[Opening DATA FOR THIS EXERCISE section]
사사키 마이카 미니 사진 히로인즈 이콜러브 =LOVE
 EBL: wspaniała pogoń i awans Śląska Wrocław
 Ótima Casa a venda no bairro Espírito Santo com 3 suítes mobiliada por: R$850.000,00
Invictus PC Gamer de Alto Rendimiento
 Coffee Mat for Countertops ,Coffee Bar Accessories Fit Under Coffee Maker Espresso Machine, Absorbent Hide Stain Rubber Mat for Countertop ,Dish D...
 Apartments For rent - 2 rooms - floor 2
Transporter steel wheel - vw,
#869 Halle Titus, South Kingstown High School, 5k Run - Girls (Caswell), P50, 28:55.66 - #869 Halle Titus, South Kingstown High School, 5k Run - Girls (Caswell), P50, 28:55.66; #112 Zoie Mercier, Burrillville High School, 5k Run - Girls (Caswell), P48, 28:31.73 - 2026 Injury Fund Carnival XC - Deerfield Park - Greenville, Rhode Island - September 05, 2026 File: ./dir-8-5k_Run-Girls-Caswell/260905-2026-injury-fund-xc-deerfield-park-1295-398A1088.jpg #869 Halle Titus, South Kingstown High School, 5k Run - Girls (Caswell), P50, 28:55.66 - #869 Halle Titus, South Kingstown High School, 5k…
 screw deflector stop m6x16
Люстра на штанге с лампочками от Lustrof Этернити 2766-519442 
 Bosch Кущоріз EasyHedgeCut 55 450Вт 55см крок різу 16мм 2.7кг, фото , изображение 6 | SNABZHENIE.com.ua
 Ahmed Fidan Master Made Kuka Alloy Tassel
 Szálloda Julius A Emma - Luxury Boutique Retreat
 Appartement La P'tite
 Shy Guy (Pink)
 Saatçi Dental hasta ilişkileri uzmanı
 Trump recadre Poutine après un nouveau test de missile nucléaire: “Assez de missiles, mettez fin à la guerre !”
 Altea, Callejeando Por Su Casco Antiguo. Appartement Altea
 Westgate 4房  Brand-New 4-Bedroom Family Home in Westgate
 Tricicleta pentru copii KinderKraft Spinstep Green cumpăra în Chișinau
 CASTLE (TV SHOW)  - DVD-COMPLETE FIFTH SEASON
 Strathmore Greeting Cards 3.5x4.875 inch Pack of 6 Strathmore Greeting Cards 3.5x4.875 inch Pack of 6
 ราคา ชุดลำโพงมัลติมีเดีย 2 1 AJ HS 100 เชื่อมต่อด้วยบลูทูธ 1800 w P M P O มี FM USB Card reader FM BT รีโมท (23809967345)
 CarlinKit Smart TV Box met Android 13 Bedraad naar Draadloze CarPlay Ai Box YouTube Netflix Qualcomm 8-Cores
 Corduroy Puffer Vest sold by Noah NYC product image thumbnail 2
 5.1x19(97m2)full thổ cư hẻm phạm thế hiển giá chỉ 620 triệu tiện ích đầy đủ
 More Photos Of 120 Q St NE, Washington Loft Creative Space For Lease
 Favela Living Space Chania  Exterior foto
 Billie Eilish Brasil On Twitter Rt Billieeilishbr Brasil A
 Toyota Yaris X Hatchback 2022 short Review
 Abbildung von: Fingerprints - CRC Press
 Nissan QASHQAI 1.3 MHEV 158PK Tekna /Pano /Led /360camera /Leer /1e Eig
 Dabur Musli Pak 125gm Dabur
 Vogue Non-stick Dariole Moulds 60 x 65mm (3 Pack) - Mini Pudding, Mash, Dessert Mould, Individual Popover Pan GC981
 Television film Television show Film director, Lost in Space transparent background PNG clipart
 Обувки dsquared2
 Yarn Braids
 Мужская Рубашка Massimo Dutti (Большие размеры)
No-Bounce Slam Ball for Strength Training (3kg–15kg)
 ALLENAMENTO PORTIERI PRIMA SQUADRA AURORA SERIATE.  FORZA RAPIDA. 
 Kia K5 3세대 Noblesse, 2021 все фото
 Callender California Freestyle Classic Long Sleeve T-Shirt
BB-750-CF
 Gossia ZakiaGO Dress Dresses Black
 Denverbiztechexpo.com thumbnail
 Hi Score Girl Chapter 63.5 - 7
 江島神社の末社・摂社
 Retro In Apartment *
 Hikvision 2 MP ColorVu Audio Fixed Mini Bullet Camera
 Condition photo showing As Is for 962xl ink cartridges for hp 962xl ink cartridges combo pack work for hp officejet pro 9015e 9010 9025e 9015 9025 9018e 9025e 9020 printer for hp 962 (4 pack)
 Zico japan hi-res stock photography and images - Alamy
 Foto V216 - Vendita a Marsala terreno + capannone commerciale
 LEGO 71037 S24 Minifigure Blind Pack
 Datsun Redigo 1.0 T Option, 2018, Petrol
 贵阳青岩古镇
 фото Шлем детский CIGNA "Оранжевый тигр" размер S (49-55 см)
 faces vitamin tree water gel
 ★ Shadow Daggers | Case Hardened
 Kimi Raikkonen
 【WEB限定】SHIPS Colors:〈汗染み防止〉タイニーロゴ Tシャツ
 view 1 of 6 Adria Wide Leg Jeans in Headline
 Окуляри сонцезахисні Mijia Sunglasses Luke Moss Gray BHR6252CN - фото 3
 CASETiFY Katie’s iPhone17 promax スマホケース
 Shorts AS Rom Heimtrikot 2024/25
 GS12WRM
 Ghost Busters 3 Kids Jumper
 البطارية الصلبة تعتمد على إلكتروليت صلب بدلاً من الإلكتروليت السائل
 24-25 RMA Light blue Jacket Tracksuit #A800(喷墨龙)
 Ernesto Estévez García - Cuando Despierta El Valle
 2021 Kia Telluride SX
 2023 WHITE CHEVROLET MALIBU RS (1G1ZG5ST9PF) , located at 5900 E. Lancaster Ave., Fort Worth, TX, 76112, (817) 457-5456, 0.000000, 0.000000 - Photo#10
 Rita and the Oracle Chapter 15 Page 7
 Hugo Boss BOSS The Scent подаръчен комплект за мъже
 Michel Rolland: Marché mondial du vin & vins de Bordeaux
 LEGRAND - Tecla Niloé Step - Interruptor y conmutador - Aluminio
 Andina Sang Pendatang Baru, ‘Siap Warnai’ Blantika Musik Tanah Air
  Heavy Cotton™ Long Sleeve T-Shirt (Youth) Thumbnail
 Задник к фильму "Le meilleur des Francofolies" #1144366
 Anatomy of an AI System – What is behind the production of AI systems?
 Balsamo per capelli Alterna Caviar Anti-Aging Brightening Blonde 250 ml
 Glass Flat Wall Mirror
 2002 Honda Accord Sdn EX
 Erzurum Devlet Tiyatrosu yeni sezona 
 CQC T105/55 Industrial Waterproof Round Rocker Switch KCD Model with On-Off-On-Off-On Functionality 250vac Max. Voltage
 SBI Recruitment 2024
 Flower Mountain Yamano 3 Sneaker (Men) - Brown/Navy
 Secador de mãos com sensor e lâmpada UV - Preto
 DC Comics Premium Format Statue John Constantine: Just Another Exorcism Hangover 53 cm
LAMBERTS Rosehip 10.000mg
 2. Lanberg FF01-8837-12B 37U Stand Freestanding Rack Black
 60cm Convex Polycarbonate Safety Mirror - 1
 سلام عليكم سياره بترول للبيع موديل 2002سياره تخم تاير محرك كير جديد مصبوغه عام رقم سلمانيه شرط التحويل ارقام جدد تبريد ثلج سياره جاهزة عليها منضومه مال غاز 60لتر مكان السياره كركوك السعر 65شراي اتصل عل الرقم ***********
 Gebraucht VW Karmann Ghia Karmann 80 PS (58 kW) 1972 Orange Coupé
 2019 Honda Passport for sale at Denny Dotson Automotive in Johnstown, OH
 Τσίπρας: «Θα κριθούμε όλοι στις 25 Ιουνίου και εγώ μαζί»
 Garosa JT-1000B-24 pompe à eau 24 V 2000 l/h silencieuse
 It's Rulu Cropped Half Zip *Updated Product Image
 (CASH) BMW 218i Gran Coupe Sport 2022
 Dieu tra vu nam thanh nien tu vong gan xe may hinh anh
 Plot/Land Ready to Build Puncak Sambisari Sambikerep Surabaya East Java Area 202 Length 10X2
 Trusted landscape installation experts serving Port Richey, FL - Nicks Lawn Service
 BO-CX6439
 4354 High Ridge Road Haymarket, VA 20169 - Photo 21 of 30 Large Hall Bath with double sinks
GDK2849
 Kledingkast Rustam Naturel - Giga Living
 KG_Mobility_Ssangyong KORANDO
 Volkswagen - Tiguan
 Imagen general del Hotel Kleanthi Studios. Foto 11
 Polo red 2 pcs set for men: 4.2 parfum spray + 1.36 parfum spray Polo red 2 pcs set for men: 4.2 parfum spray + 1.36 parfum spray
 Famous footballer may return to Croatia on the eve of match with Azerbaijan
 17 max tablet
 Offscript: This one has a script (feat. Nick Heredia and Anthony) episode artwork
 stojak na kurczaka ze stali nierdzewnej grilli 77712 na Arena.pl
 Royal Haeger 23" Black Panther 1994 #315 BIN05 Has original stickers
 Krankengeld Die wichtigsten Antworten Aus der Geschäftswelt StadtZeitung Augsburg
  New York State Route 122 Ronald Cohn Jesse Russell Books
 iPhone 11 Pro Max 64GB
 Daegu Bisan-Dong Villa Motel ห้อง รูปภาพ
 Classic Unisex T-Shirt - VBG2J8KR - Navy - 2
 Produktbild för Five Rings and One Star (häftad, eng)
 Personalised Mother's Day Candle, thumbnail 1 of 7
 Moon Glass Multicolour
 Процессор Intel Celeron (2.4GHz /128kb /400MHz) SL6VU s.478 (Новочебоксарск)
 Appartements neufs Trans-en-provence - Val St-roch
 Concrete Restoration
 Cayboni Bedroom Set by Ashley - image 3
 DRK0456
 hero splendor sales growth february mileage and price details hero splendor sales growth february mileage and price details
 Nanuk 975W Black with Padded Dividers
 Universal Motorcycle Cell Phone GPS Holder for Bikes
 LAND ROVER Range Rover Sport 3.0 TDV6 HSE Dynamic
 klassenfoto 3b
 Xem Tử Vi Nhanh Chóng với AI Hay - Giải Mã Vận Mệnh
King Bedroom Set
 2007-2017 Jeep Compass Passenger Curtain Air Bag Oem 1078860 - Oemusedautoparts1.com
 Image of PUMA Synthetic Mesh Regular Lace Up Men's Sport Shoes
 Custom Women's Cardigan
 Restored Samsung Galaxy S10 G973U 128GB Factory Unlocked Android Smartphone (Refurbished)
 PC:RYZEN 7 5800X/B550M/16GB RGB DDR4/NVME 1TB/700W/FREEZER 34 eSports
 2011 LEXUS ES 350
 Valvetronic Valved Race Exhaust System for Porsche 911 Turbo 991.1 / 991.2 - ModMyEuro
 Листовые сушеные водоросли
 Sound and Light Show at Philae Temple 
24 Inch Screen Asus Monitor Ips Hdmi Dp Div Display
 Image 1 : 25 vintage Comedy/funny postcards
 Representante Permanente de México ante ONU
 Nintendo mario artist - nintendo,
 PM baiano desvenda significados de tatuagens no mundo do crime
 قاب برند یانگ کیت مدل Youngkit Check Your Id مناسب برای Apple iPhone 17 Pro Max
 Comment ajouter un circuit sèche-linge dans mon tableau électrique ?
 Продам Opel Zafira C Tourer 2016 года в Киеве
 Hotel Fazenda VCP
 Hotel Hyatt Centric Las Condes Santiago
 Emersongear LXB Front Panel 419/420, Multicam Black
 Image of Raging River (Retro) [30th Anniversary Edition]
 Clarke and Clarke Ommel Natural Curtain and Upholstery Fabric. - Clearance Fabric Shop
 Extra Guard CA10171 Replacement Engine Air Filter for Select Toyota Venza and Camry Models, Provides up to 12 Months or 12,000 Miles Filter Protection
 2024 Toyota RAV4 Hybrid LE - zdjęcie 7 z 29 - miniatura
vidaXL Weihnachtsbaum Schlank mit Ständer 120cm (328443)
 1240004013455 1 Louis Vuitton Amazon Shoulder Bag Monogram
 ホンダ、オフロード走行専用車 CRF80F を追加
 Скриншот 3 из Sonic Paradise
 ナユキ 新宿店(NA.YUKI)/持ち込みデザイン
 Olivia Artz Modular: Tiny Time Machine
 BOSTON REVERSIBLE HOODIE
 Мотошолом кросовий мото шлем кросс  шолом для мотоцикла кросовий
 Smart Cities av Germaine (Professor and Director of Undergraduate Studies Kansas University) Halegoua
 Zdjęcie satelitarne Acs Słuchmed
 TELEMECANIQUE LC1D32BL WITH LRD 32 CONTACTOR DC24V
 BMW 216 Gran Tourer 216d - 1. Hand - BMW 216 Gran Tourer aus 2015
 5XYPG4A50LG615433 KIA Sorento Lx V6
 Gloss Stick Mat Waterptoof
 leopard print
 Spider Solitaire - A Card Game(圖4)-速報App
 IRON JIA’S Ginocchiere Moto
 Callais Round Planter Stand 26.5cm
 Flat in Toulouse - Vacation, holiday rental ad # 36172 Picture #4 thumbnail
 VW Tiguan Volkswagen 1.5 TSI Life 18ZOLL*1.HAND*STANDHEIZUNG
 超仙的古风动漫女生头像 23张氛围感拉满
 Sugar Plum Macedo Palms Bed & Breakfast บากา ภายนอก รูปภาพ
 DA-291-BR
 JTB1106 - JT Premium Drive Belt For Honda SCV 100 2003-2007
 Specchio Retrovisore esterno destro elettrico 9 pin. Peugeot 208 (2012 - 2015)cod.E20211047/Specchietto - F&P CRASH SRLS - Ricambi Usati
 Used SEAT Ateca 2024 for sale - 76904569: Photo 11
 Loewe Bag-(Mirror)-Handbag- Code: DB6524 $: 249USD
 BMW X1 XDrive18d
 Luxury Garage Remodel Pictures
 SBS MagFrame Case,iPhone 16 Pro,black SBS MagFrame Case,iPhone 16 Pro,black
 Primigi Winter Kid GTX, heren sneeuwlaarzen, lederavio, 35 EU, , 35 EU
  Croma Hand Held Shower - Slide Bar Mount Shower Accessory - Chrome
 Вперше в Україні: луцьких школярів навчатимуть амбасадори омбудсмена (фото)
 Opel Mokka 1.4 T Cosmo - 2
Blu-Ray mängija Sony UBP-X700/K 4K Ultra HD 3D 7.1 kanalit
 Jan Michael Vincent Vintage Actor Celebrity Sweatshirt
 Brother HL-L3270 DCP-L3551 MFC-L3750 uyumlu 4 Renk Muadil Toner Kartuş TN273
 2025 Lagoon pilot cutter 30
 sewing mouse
[Closing DATA FOR THIS EXERCISE section]
Once you find the line with "Yarn Braids" in the entries above, output it and each line after it up to and including the line with "Zico japan hi-res", and nothing else.

 Yarn Braids
 Мужская Рубашка Massimo Dutti (Большие размеры)
No-Bounce Slam Ball for Strength Training (3kg–15kg)
 ALLENAMENTO PORTIERI PRIMA SQUADRA AURORA SERIATE.  FORZA RAPIDA. 
 Kia K5 3세대 Noblesse, 2021 все фото
 Callender California Freestyle Classic Long Sleeve T-Shirt
BB-750-CF
 Gossia ZakiaGO Dress Dresses Black
 Denverbiztechexpo.com thumbnail
 Hi Score Girl Chapter 63.5 - 7
 江島神社の末社・摂社
 Retro In Apartment *
 Hikvision 2 MP ColorVu Audio Fixed Mini Bullet Camera
 Condition photo showing As Is for 962xl ink cartridges for hp 962xl ink cartridges combo pack work for hp officejet pro 9015e 9010 9025e 9015 9025 9018e 9025e 9020 printer for hp 962 (4 pack)
 Zico japan hi-res stock photography and images - Alamy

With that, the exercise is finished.